[[ Records for this exercise, beginning ]]

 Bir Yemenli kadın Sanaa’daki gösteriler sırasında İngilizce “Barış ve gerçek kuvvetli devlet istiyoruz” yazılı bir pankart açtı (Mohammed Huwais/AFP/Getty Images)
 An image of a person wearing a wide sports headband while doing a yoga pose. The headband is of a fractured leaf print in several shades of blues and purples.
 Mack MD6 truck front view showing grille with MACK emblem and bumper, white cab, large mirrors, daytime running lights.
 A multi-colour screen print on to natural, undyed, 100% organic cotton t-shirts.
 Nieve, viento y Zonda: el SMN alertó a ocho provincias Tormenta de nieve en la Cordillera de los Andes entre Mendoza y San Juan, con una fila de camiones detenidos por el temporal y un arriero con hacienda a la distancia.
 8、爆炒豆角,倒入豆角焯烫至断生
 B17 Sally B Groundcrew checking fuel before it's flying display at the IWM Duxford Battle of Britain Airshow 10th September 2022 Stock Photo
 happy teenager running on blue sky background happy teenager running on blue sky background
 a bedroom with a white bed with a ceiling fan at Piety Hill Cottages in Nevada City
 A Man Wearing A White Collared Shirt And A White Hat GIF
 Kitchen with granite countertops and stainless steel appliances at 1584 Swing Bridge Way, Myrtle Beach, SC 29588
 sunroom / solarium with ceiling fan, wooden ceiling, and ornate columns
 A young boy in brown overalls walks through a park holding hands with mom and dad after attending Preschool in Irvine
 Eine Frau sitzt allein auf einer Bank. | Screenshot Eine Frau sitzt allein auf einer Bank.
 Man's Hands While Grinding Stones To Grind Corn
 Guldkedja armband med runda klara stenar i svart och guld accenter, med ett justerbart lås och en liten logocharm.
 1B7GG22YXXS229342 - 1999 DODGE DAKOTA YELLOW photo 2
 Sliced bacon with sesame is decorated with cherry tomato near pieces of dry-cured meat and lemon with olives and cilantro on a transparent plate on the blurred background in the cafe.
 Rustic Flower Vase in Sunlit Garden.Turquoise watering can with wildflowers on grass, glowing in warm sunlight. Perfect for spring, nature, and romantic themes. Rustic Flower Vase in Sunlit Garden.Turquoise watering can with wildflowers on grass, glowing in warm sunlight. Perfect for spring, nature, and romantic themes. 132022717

[[ Records for this exercise, end ]]

## Your objective
Copy out the range of lines above starting at the line with "An image of" and ending at the line with "A multi-colour screen", exactly and including both.

## Task response
 An image of a person wearing a wide sports headband while doing a yoga pose. The headband is of a fractured leaf print in several shades of blues and purples.
 Mack MD6 truck front view showing grille with MACK emblem and bumper, white cab, large mirrors, daytime running lights.
 A multi-colour screen print on to natural, undyed, 100% organic cotton t-shirts.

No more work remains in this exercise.